Robbie whispered hoarsely, "Horath?" Struggling to find further words, she shuffled backward several feet on her hands and knees and bowed her head, trembling.
The creature entered the cave and crouched beside the stricken cow. "Ice Cream is severely intoxicated." Robbie looked up and beheld her goddess hold out a handful of pine nuts and hay to her friend, who nibbled feebly at the fodder until it was gone. "This was your offering to me after your victory in the ring. These seeds and fibers have I blessed, so that your friend will recover from the consequences of her own sacrifice."
The wrestler rose to her feet. "Thank you, Gray Lady."
The goddess gestured to the exit archway and said serenely. "Your quest lies through there, but Ice Cream cannot go with you."
The next room was about 20 feet in all dimensions, and lit by torches along the walls. Facing away from her in the center was an iron statue of a muscular four-armed man on a low stone pedestal, clad in a unitard. With her pulse rising, Robbie walked around to the front of the statue at as far a distance as the room would allow. Carved on the front of the pedestal were the words Linus the Golem, and clasped from behind by four thick iron arms was her husband. He was gagged, and his eyes grew wide when she came into view. "Eustace!"
He gave a muffled shout, and Robbie ran forward, only to receive a ringing backhand slap from an iron fist that sent her stumbling backward to fall into a heap. Dazed, Robbie shakily stood. The wall just beside her looked to actually be a stone door, with no visible hinges, knob, or lock. Above the portal were carved the words Oil Linus and as her head cleared, Robbie saw that there was a small alcove beside the portal, in which sat a metal oil can.

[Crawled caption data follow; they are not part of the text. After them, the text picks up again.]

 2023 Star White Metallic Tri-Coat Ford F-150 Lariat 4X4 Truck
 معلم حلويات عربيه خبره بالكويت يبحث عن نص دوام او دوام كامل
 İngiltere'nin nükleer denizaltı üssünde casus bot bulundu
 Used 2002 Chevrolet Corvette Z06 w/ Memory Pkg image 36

Robbie called, "I think if I oil the statue, it will let you go and we can get out of here. If I can avoid getting my teeth knocked out." At that, Eustace tried to yell even harder, but she grabbed the oil can from the alcove and turned to dash back to the golem. But as soon as she touched the can, Eustace screamed. The arms were tightening their grip.
The young luchador crouched slightly as she studied the metal man to try and discover a place where she might squirt some oil. Eustace started to squirm frantically, his face turning purple as he yelled wordlessly. The arms continued to squeeze. Robbie ran around behind the statue and jumped on its back, hooking her left arm around its neck. But the golem paid her no heed as it continued to exert crushing force.
Robbie managed to get her feet between the arm joints on either side and hoist herself up into a standing position. But she could see nothing that looked like a hinge, a seam, or even a hole. As she leaned over the monster's shoulder, Eustace's eyes rolled up toward her and he cried unintelligibly, "Mmz Nnn Lmm! Nnn Lmm!"
Starting to tear up in desperation, Robbie looked down at her husband, and noticed that the rag that bound his mouth was in fact very loosely tied. Dropping the oil can to the floor, she fumbled with the knot with trembling fingers and soon had the rag pulled free. Eustace gasped and gritted his teeth at the pain, then hissed, "Oil Linus! It spells Illusion. It's an illusion, I think. Just…walk through."
Robbie nodded and jumped down then ran to the door. It still looked like a slab of solid stone. Behind her Eustace cried out and began choking. She placed both hands on the door and pushed, and nearly fell forward as they sank right through. Immediately the golem's four arms dropped to its sides. Eustance landed prone, struggling for air.
The door vanished, and Robbie was bathed in amber light from the other side. There was a loud humming, and a voice familiar only from her dreams said, "How about that, looks like you made it! Hurry along, now, I got places to be. Some of them all at once."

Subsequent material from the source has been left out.